Type the listing below out again exactly. No images.

Material provided Start Marker

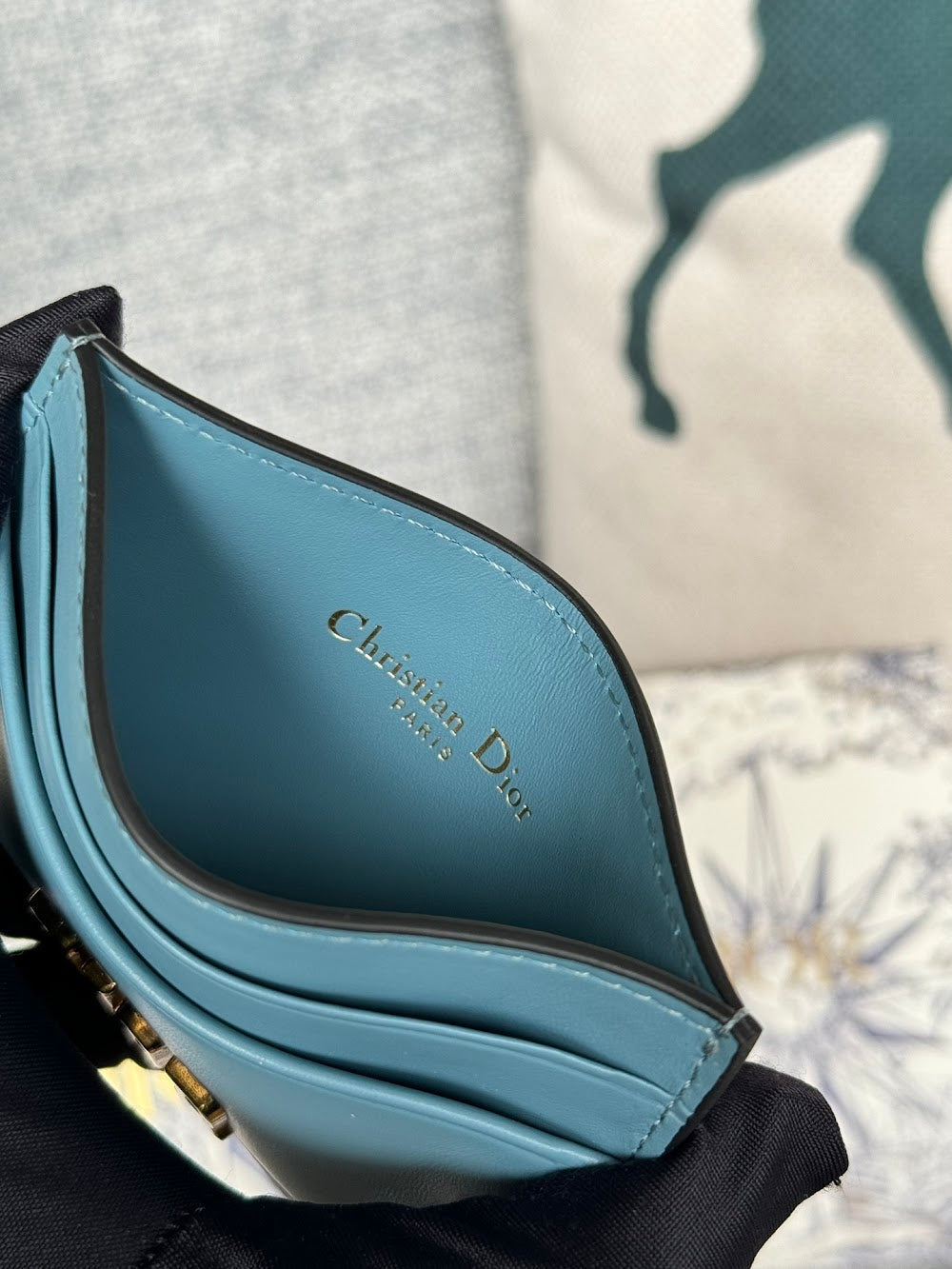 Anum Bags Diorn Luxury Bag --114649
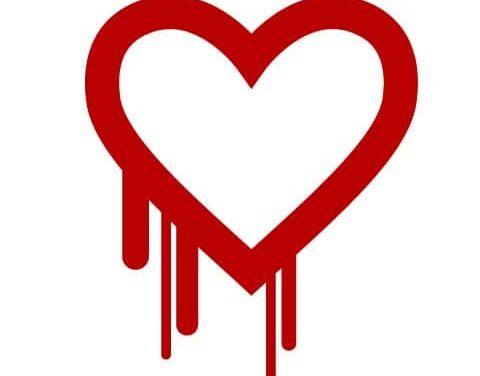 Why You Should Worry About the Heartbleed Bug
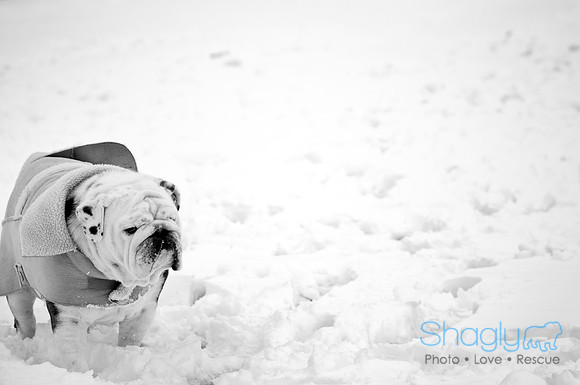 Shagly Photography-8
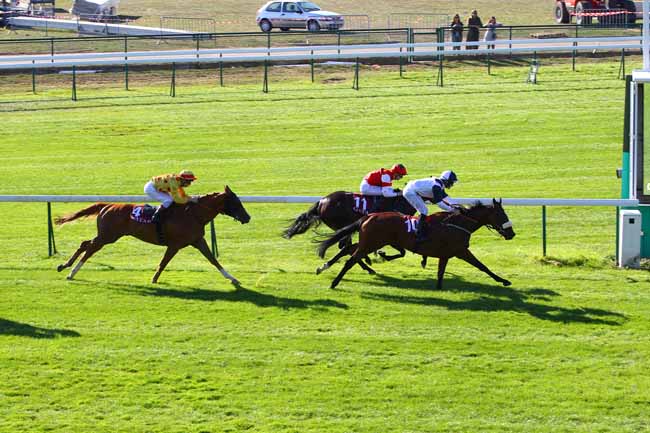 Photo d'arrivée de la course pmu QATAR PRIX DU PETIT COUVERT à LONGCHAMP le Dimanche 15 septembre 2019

Material provided End Marker

### Reply
 Anum Bags Diorn Luxury Bag --114649
 Why You Should Worry About the Heartbleed Bug
 Shagly Photography-8
 Photo d'arrivée de la course pmu QATAR PRIX DU PETIT COUVERT à LONGCHAMP le Dimanche 15 septembre 2019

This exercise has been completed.